===== RECORDS FOR THE EXERCISE =====
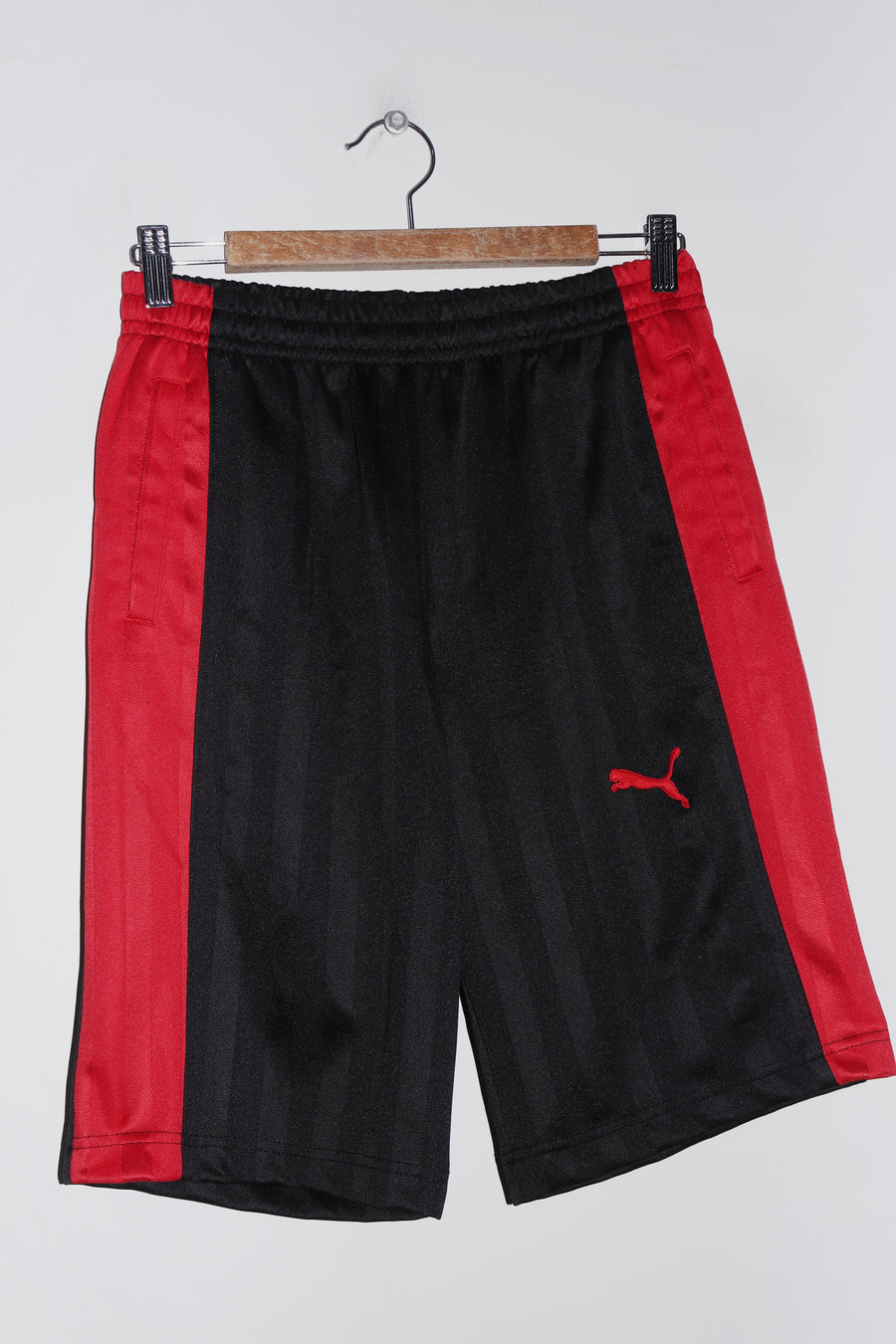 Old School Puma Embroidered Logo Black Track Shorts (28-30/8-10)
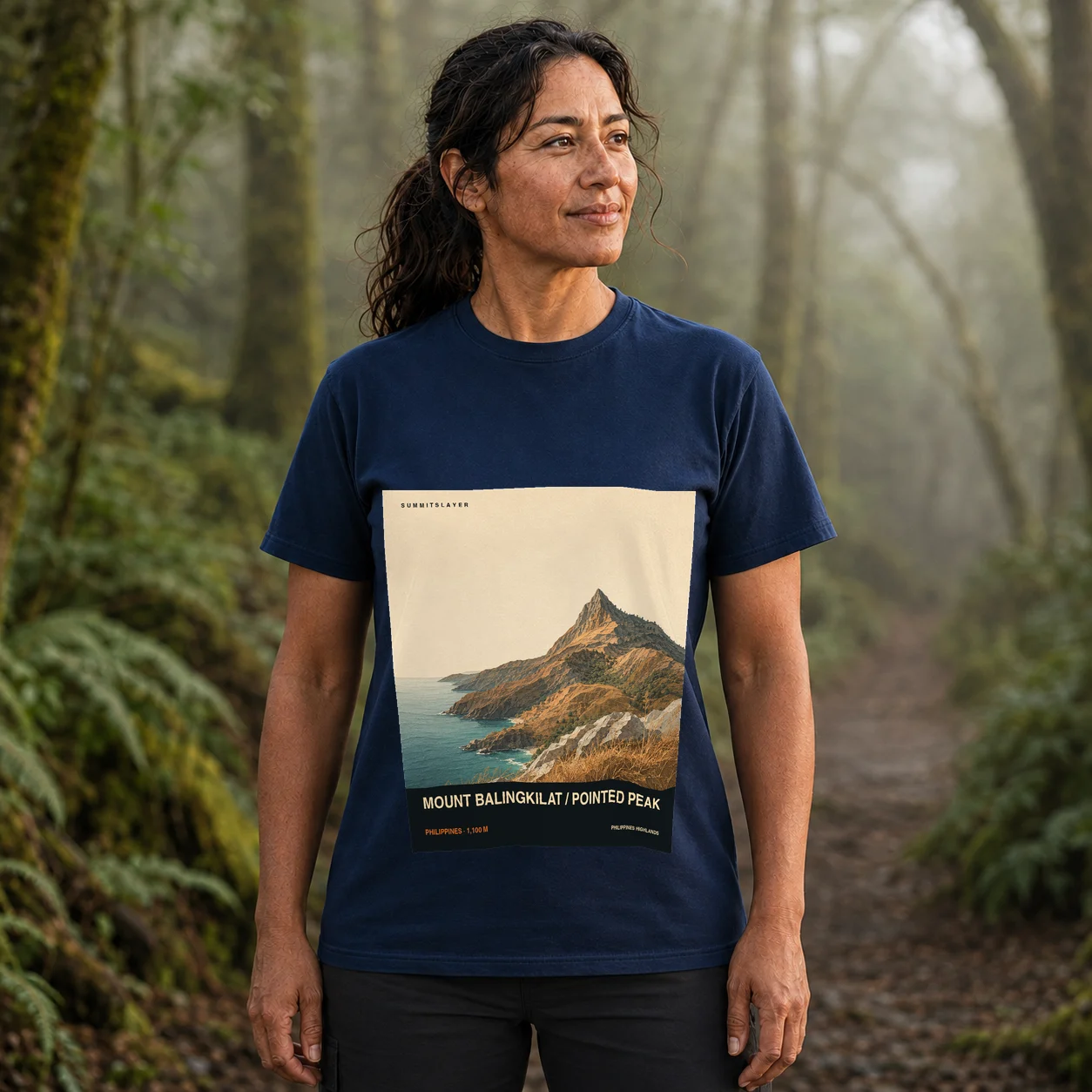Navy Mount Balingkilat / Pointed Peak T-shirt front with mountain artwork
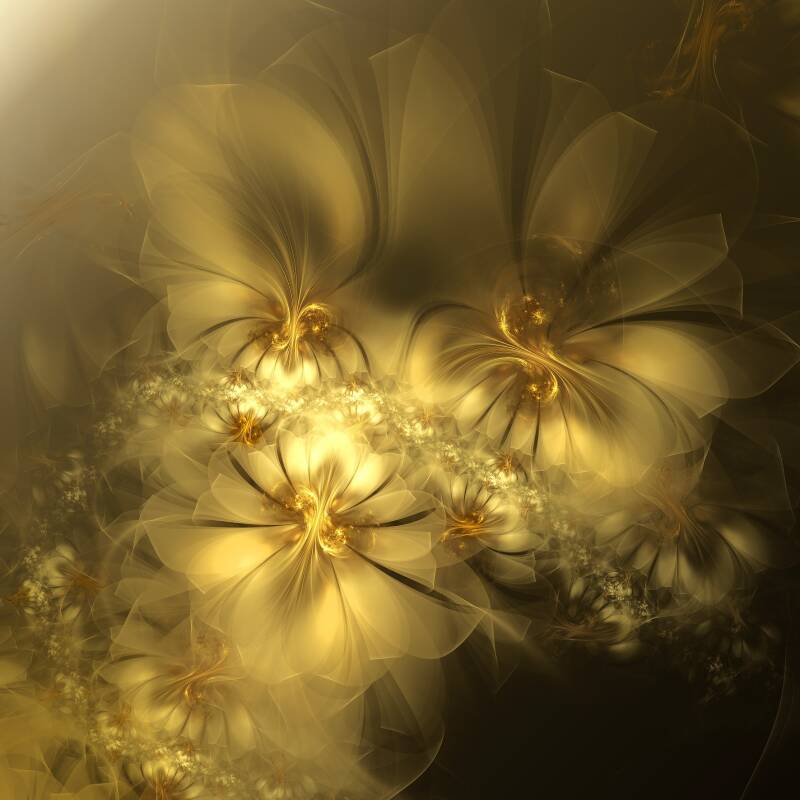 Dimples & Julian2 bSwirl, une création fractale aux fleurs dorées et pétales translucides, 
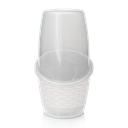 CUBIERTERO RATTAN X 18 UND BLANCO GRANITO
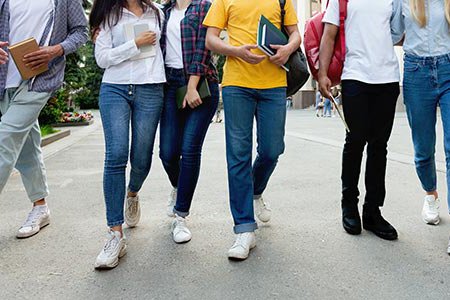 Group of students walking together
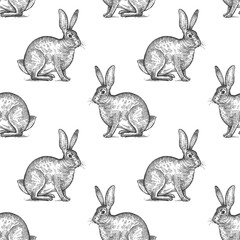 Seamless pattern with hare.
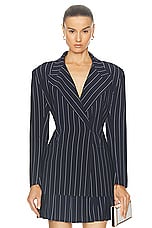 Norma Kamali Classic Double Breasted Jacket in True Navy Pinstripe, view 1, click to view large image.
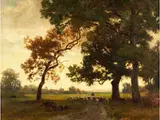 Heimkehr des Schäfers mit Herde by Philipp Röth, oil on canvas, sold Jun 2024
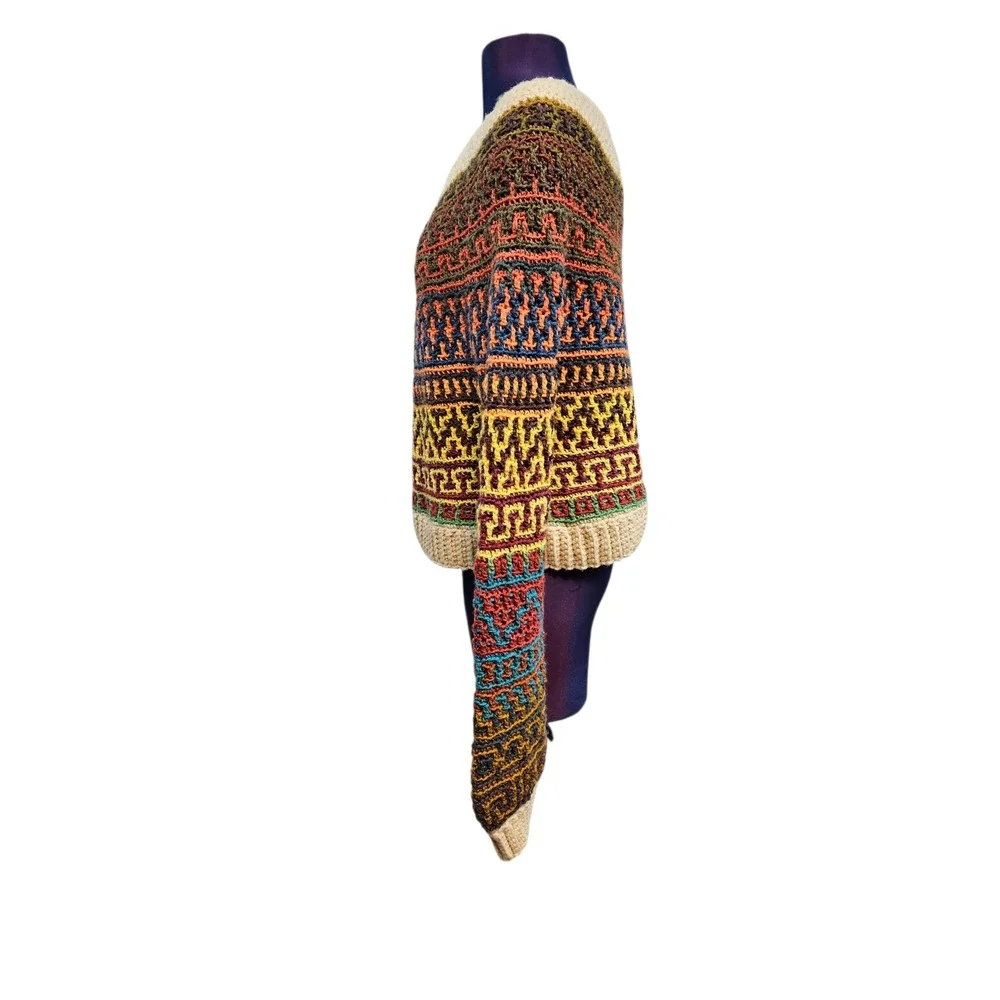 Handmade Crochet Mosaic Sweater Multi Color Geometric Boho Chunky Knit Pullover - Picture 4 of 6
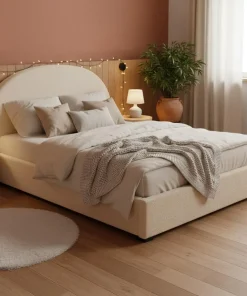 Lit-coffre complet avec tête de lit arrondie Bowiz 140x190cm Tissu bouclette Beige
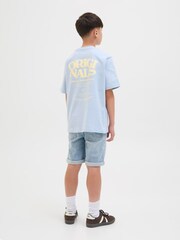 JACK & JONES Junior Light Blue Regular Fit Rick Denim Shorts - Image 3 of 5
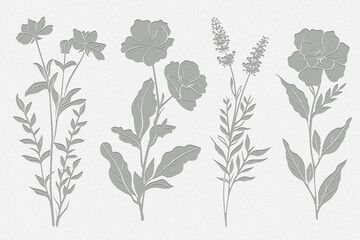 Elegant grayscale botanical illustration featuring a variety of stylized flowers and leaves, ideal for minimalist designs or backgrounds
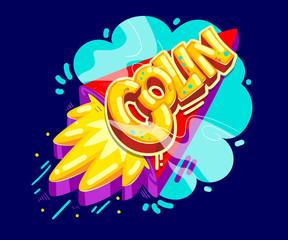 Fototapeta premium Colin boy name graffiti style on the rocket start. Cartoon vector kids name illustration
=====
### YOUR INSTRUCTIONS
Your copy should run from the line that has "Heimkehr des Schäfers" through the last line above, exactly, with both ends in and pictures out.

### WRITTEN RESPONSE
 Heimkehr des Schäfers mit Herde by Philipp Röth, oil on canvas, sold Jun 2024
 Handmade Crochet Mosaic Sweater Multi Color Geometric Boho Chunky Knit Pullover - Picture 4 of 6
 Lit-coffre complet avec tête de lit arrondie Bowiz 140x190cm Tissu bouclette Beige
 JACK & JONES Junior Light Blue Regular Fit Rick Denim Shorts - Image 3 of 5
 Elegant grayscale botanical illustration featuring a variety of stylized flowers and leaves, ideal for minimalist designs or backgrounds
 Fototapeta premium Colin boy name graffiti style on the rocket start. Cartoon vector kids name illustration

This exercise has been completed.